I voted "other."  The progressive music movement was a moment of artistic inspiration, much like the rise of the Romanticism poetry movement in England.   There are many similarities, including rebellion against the establishment, collaboration and admiration among the artists, use of drugs, etc. 

The late Peter Banks discusses many of these in this quite wonderful interview:


I don't feel that technology played a particularly key role in the rise of prog, as all of the primary instruments (guitar, bass, drum, Hammond organ etc.) were pre-existing.  Even Mellotron and synthesizer had been used in a variety of ways, although these came to their full usage in progressive music.  

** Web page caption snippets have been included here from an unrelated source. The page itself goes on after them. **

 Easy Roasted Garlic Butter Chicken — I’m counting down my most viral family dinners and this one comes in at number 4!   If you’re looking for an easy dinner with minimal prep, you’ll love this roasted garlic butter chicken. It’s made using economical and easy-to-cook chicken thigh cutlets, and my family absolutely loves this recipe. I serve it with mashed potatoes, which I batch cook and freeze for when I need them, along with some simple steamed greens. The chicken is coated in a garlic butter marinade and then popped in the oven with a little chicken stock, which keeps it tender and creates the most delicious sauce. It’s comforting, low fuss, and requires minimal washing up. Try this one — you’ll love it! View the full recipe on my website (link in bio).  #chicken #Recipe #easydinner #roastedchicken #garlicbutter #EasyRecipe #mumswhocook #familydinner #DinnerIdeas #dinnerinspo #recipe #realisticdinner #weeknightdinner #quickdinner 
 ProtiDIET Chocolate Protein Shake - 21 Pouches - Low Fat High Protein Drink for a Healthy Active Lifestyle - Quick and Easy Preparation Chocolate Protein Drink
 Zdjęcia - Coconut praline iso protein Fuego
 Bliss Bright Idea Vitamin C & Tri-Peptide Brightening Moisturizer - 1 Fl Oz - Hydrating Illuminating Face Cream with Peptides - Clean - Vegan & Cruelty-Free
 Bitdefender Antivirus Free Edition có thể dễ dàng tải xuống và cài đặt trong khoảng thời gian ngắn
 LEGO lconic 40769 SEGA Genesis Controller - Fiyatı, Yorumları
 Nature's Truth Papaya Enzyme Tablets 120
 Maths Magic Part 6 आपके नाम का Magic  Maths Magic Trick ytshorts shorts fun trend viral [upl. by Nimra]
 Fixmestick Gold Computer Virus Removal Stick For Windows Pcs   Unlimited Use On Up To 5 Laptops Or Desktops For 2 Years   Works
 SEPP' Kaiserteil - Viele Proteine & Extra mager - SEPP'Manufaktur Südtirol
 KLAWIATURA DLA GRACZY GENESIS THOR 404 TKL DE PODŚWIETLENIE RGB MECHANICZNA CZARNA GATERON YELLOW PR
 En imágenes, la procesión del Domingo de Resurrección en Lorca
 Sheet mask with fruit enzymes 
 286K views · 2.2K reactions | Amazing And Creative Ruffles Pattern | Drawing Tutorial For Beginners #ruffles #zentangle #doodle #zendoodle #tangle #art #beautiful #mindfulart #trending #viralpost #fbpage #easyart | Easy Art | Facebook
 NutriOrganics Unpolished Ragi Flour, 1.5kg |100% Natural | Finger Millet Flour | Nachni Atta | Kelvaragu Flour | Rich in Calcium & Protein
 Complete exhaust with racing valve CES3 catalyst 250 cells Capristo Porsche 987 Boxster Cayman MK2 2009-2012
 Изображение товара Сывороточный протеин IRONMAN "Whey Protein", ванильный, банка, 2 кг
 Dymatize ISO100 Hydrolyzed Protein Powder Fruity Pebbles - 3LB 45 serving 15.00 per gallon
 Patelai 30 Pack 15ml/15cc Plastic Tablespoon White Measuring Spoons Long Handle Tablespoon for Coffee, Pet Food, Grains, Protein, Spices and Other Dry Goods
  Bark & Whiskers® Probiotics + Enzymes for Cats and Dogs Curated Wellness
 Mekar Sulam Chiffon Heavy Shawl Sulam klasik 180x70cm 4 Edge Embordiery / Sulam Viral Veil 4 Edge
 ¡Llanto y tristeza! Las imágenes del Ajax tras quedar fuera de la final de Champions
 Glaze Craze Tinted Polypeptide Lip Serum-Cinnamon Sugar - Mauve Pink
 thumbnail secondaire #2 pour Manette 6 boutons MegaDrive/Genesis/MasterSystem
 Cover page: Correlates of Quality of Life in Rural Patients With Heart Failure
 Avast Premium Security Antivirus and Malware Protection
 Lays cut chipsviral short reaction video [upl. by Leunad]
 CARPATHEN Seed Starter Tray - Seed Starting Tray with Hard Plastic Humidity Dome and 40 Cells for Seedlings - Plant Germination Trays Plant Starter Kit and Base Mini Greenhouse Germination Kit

I'd argue that the way that the musical techniques were employed (using a plectrum with round-wound strings on a Rickenbacker bass, such as Squire and others did) were very innovative and helped to shape progressive music's sound.  Otherwise, I don't see technology playing a big role.

Very cool! I, too, had thought of the similarities between "progressive rock" and the British Romantic poetry/literature period. And I do like to think that the 'movement' would have occured despite the rapid explosion of electronic-related technologies.

One or more contributors to this thread have pointed out the rise of the availability of album length pressings (wax/vinyl) for pop music, but, if I'm not mistaken, jazz and pop albums had been available and presented to the public since . . . the 40s??? I have albums that were supposedly printed in the 50s--many of them, in fact. Sinatra, Monk, Peterson, Ellington, Bernstien, Szell, Rubenstien, Gershwin, Presley, Clooney, Cline, Williams, Doo-wop, Berry, Crosby, Como, Dion. Weren't these artists releasing albums throughout the 50s?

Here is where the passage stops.